Suddenly, the Mets’ bullpen is on fumes, following a 10-inning loss Friday and Saturday’s debacle, in which Vargas was done after three. The Mets still can get a split in this four-game series, but that likely will require a strong start from unpredictable Zack Wheeler.
Vargas, who has been nothing short of a $16 million bust — he is signed through next season — allowed five earned runs on six hits and two walks in his three innings, a step backward after showing life last Monday against the lowly Marlins. In that start, Vargas pitched five shutout innings for his first respectable performance after three straight clunkers to begin the season. The lefty is sporting a 10.62 ERA, having allowed 34 hits in 20 ¹/₃ innings.
After Jacob Rhame surrendered two runs in the fourth — Christian Yelich’s RBI triple was the big hit — Ramos was summoned to pitch the fifth, a day after imploding in the 10th inning. Ramos allowed a solo homer to Erik Kratz before Yelich drove in two runs with a double, extending the Brewers’ lead to 10-6. Ramos’ undoing was allowing a single to pitcher Dan Jennings with two outs before walking Lorenzo Cain.
A night earlier, Ramos walked the only two batters he faced, including Travis Shaw to force in the winning run. The struggling reliever, whose ERA surged to 6.41 with his shellacking Saturday, met with Mickey Callaway and pitching coach Dave Eiland pregame in an attempt to reboot mentally.

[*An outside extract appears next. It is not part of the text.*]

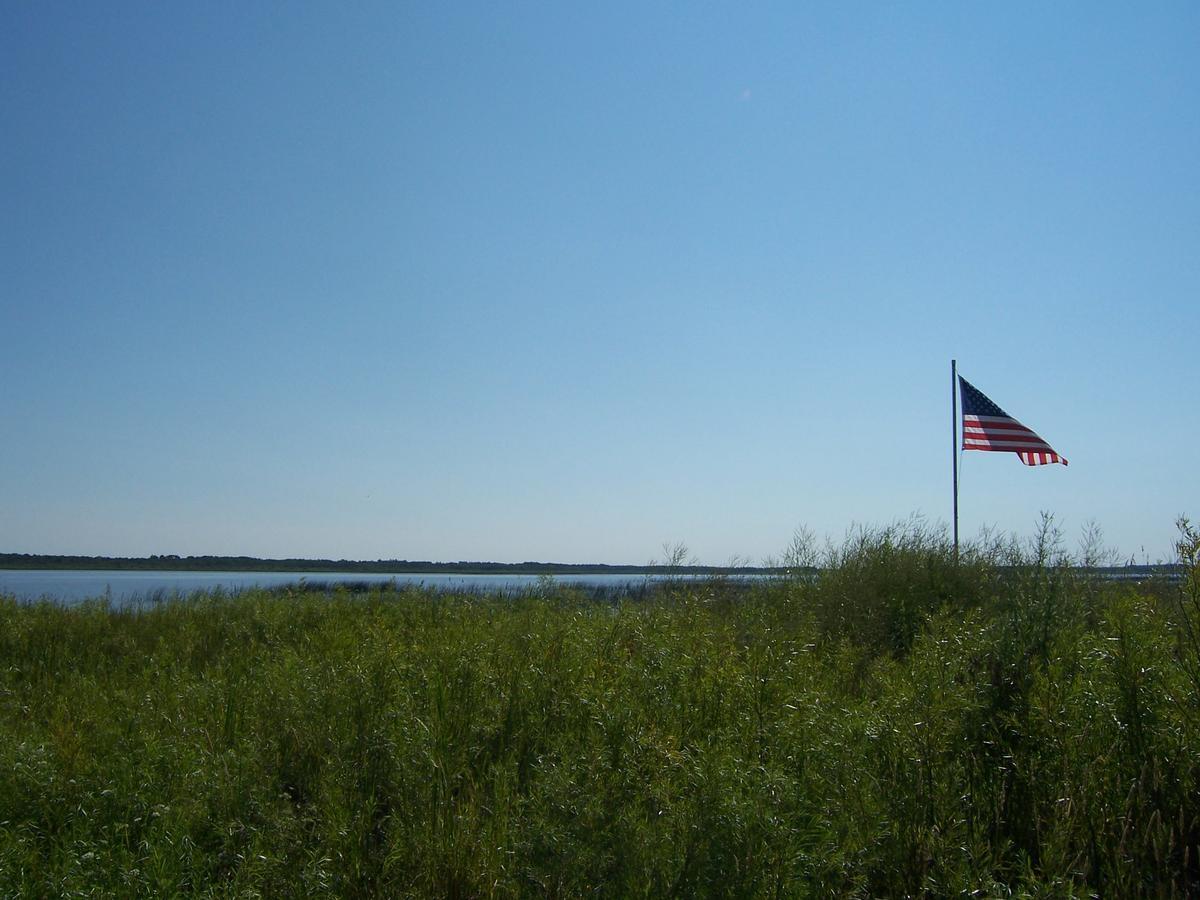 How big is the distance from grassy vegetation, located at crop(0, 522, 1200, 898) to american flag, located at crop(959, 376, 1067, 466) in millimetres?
10309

“It’s working on mindset,” Callaway said before the game. “I don’t think he struggles with the ability to throw the ball in the zone when his mind is right. I am sure he goes to the bullpen and throws a strike whenever he wants, so you have to take that same mind set into the game and know your stuff is good enough and you can execute pitches and you have to go out there and do it.”
Jose Reyes’ RBI double in the fifth had pulled the Mets within 7-6 — plodding Adrian Gonzalez scored from first on the play.
Brandon Nimmo and Michael Conforto homered leading off the second and third innings, respectively, for the Mets. It continued a strong series for Nimmo, who reached base five times Thursday.
Vargas allowed a monstrous homer to Jesus Aguilar leading off the third and his line was complete after Tyler Saladino delivered an RBI single later in the inning that tied it 5-5.
The Mets sent eight batters to the plate against Chase Anderson in the first inning and scored three runs but never delivered the jolt that would have provided a substantial cushion. In the inning, Wilmer Flores blooped an RBI single before Jay Bruce walked to load the bases. Devin Mesoraco delivered an RBI single, and Reyes walked with the bases loaded for another run.